Wenn man ganz offensichtlich probiert, Genreprimus Virtua Tennis zu kopieren, dann sollte man es besser machen als Next Generation Tennis. Das Spiel von Wanadoo bietet zwar fast identische Spielvarianten, Funktionen und Einstellungsmöglichkeiten. Beispielsweise sind Karrieremodus inklusive spezieller Trainingseinheiten, Arcade und Freundschaftsspiele im Einzel sowie Doppel möglich. In den entscheidenden Punkten zieht der Titel von Wanadoo jedoch eindeutig den Kürzeren: Gameplay, das Verhalten der Computergegner und die Steuerung fallen deutlich schwächer aus.

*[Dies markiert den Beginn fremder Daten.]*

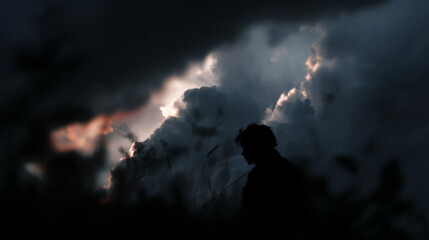 Wall Mural - shadow of the tempest.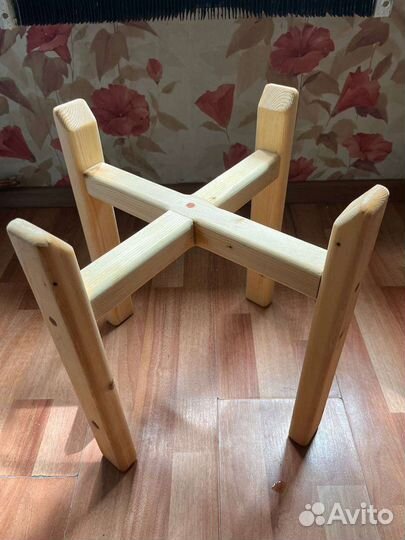 Подставка для цветов из дерева, напольная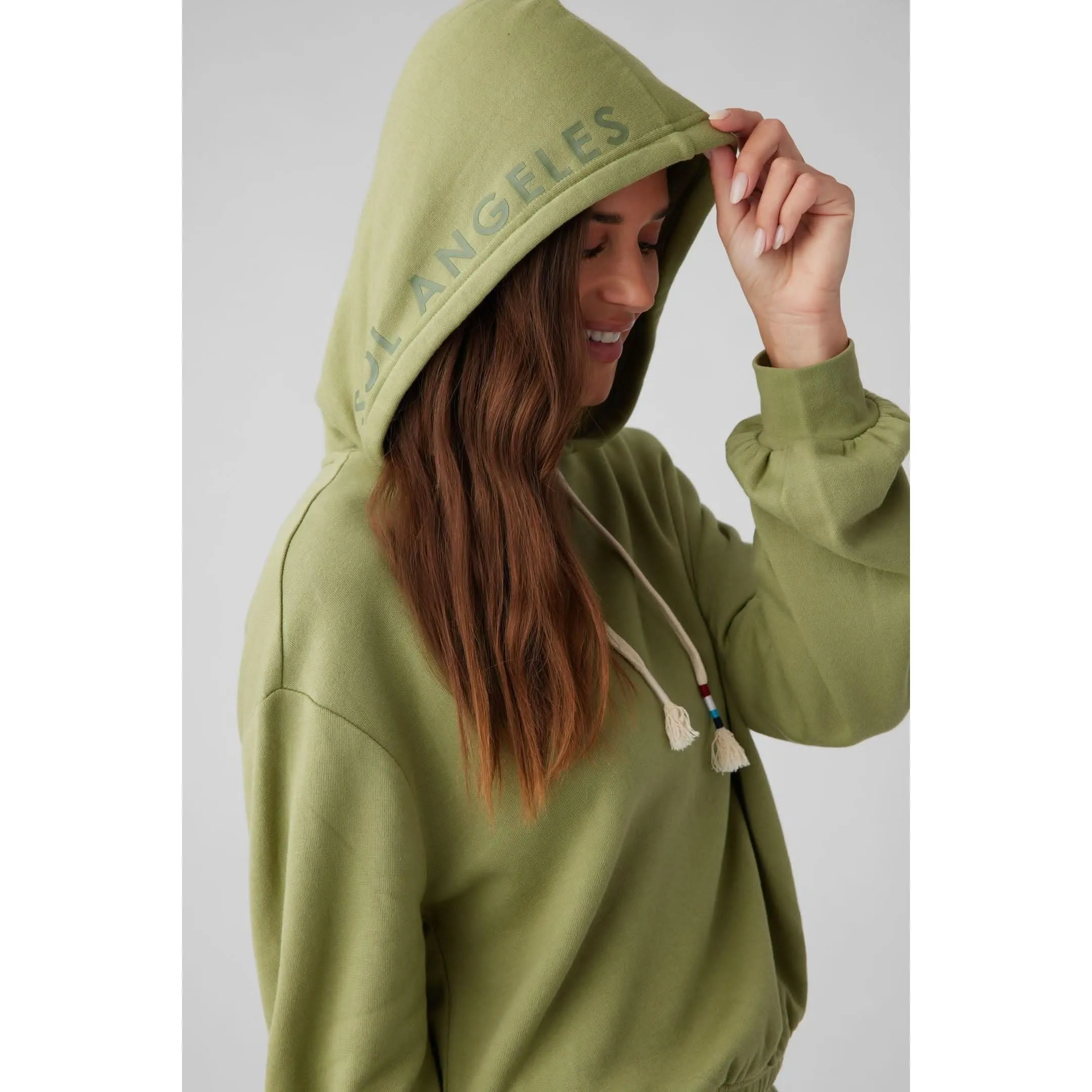 Sol Angeles Billow Crop Hoodie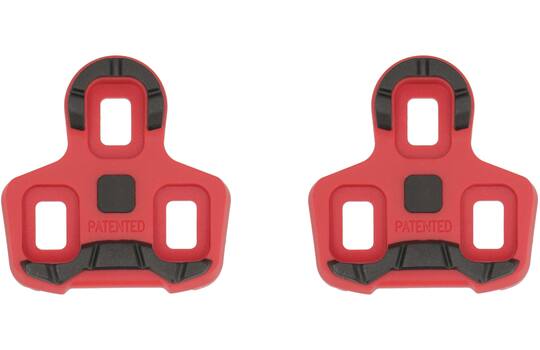 Trivio - schoenplaatjes look delta 6° anti-slip rood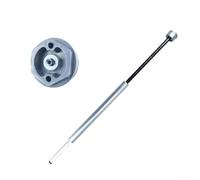 Aluminum Alloy Bicycle Fork Oil Pump For Suspension Service Hand Operated Or Cable Line Damping Adjustment Straight Or Vertebral Tube Compatible 26 27.5 29 Inch(Shoulder Control)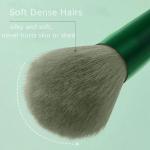 13 Synthetic Eyeshadow Blush Makeup Brush Set (Green).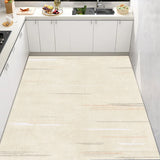 Boxtoday Modern Minimalist Kitchen Floor Mat Large Area Non-slip Carpets for Living Room Home Stain Resistant Oil-proof Pvc Leather Rugs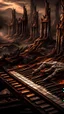 Placeholder: hands on an old piano keyboard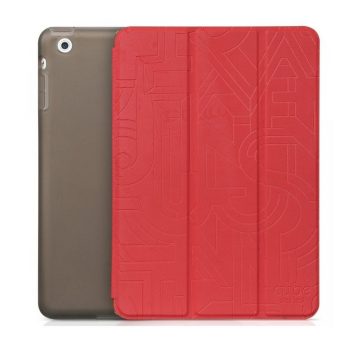 Hoco - Cube series nyomott mintázatú  iPad mini 1/2/3 tablet tok - piros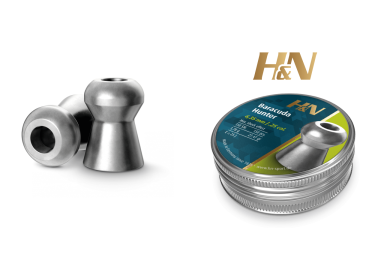 Balines H&N Barracuda Hunter cal. 6,35 mm. Lata 150 uds. de 1,78 g.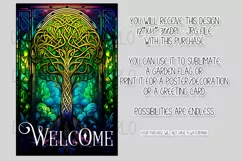 Celtic Irish Garden Flag, Tree of Life 12x18 Garden Flag, d7 Product Image 2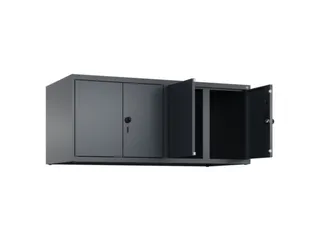 opzetkast,v. locker,4vak.,vak B 300mm,HxBxD 500x1200x500mm,vleugeldeur - 2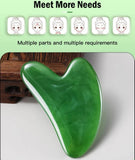 Green Acrylic Gua sha Face Sculpting Tool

Wenn sich die Kontrahenten mit immer wieder den gleichen Spielzügen austricksen lassen, ohne sich auf die Aktionen einzustellen, fehlt jegliche Herausforderung. Selbst im höchsten der drei Schwierigkeitsgrade hat man mit den zehn digitalisierten Profis, unter anderen Nicolas Kiefer und Gustavo Kürten, wenig Probleme. Besonders bitter ist das im Doppel, wenn die Matches mit PC-Partnern deutlich mehr Frust bereiten als Spaß machen.